§ ASSIGNMENT
Reproduce exactly the run of lines that begins with the one containing "Polka Dot Wide" and ends with the last line of the records, omitting pictures.

§ PROVIDED DATA
———

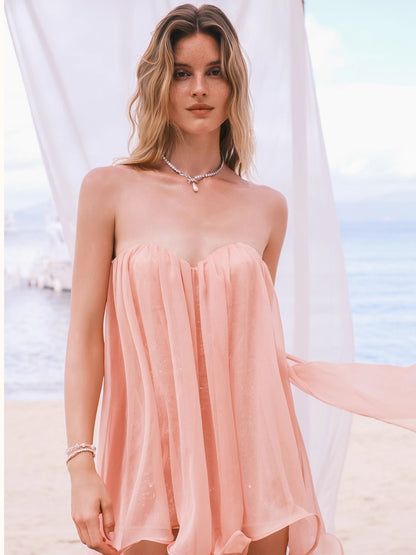 Thiri Chiffon Flowing Ribbons Dress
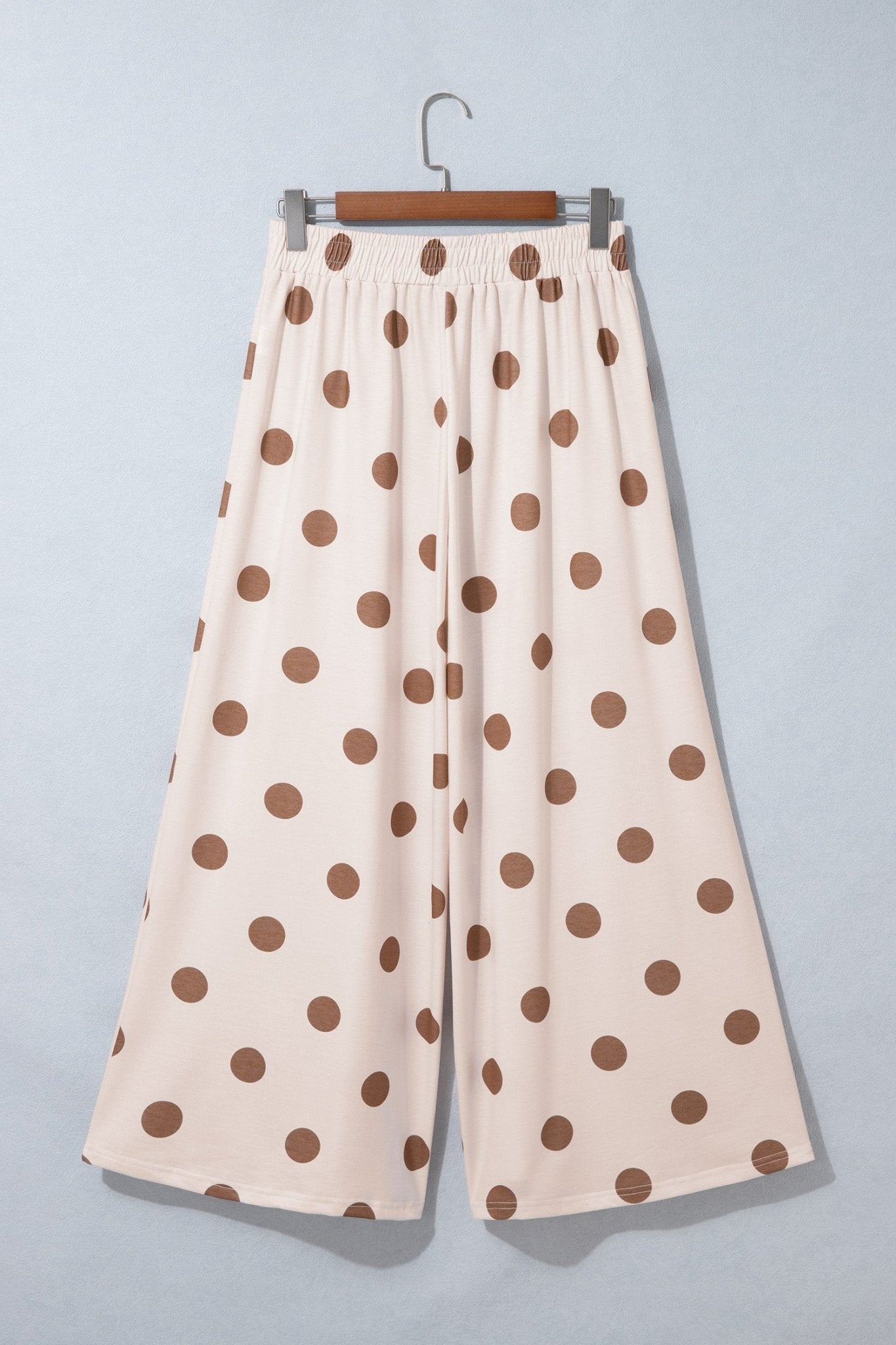 Polka Dot Wide Leg Elastic Waist Pants - Rooted & Reckless Co.
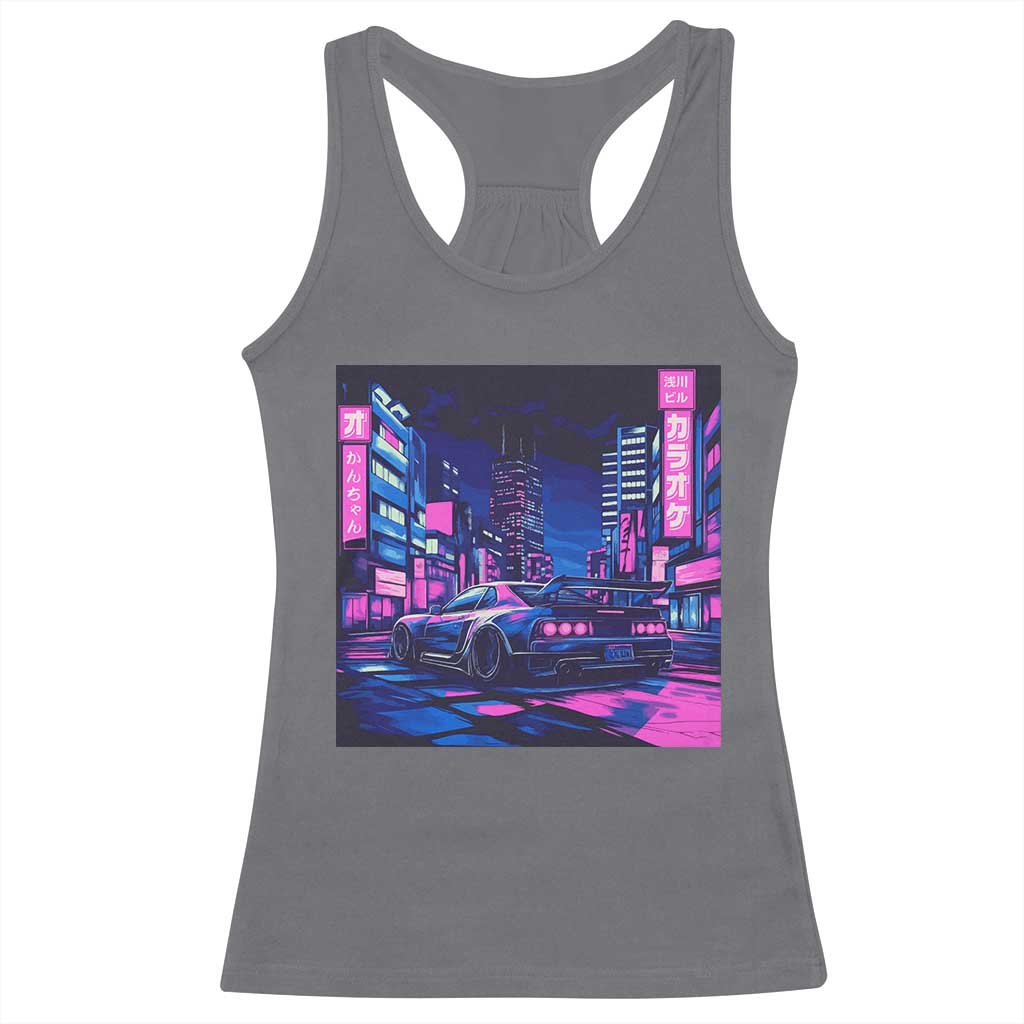 Tokyo Night Drive Racerback Tank Top Retro Futuristic JDM Street Racing Aesthetic TS09 Charcoal Print Your Wear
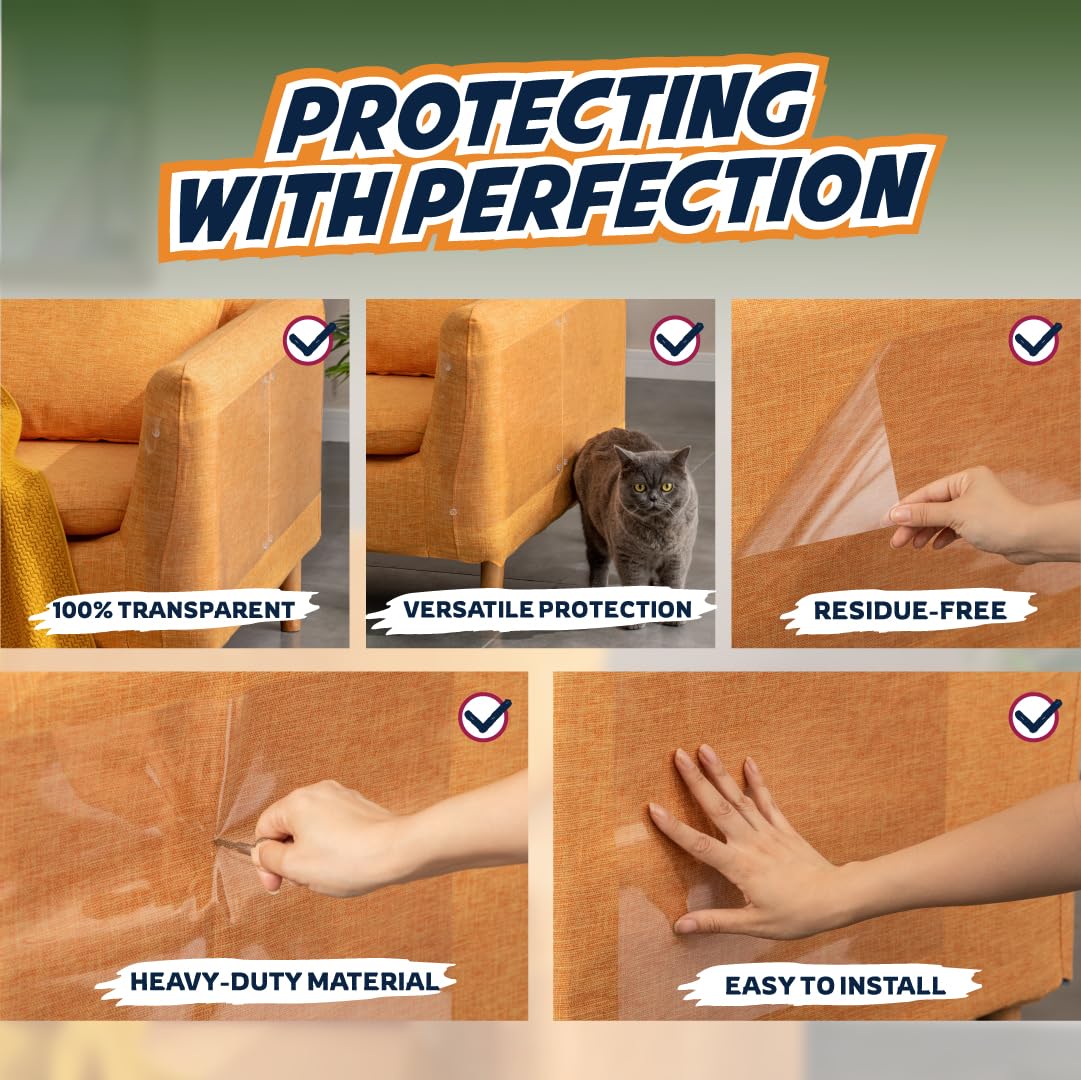 8 Pack Cat Scratch Furniture Protector Sheets – Matte Finish Couch & Sofa Guard from Cat Claws – Easy Apply, Removable, with Twist Pins (4 XL + 4 Large)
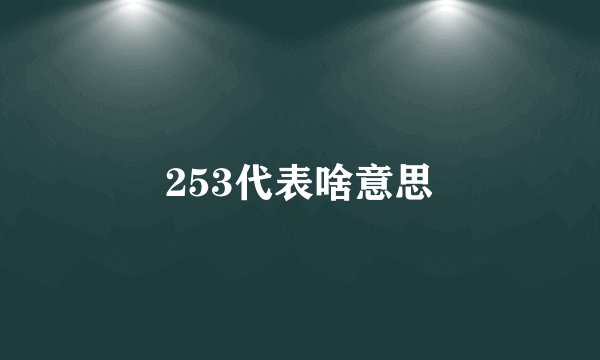 253代表啥意思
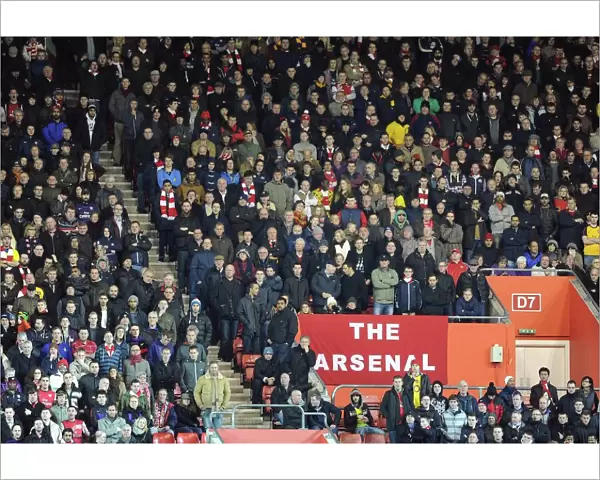 Arsenal fans. Southampton 1: 1 Arsenal. Barclays Premier League. St. Marys Stadium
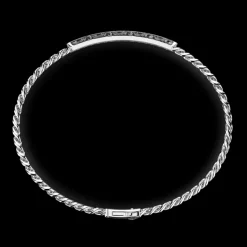 Bracciale Zancan in argento a grumetta con targa e pietre nere.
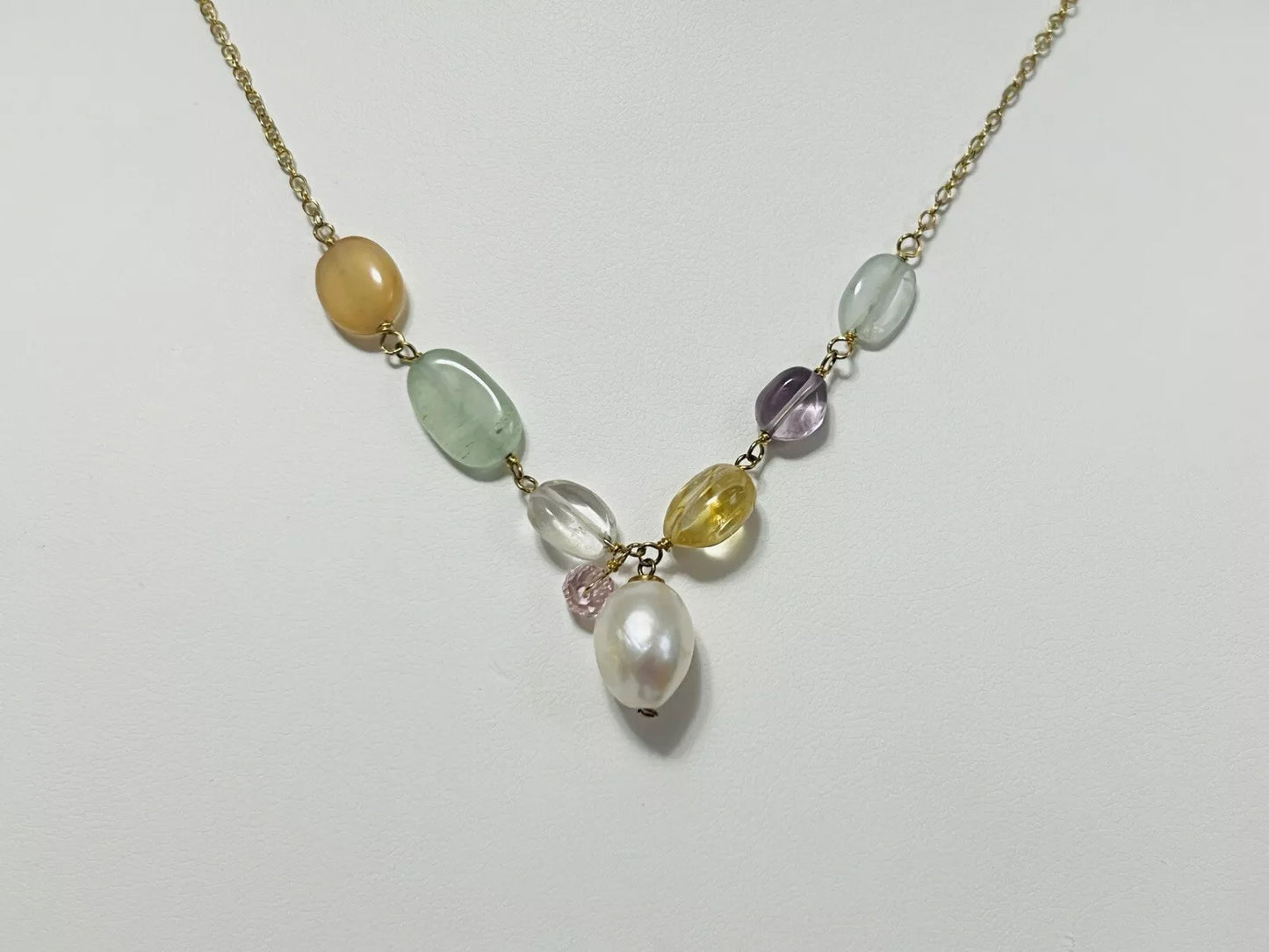 Sterling Silver Gold Plated Natural Pearl & Gemstone Necklace 17 Inches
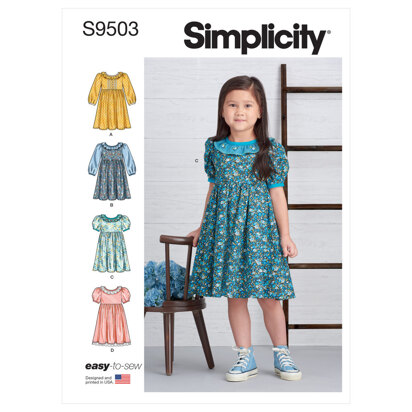 Simplicity Kinder- und Damenkleider S9503 - Schnittmuster, Größe 3-4-5-6-7-8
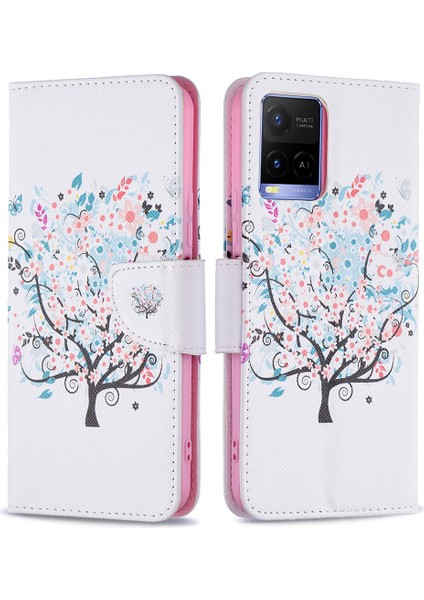 Vivo Y21 Pu Deri Telefon Kılıfı Standı Kitap Tasarımı (Yurt Dışından)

———

§ ANSWER TO THIS PROBLEM
 Polka Dot Wide Leg Elastic Waist Pants - Rooted & Reckless Co.
 Tokyo Night Drive Racerback Tank Top Retro Futuristic JDM Street Racing Aesthetic TS09 Charcoal Print Your Wear
 8 Pack Cat Scratch Furniture Protector Sheets – Matte Finish Couch & Sofa Guard from Cat Claws – Easy Apply, Removable, with Twist Pins (4 XL + 4 Large)
 253代表啥意思
 Arsenal fans. Southampton 1: 1 Arsenal. Barclays Premier League. St. Marys Stadium
 Bracciale Zancan in argento a grumetta con targa e pietre nere.
 Sterling Silver Gold Plated Natural Pearl & Gemstone Necklace 17 Inches
 Simplicity Kinder- und Damenkleider S9503 - Schnittmuster, Größe 3-4-5-6-7-8
 Vivo Y21 Pu Deri Telefon Kılıfı Standı Kitap Tasarımı (Yurt Dışından)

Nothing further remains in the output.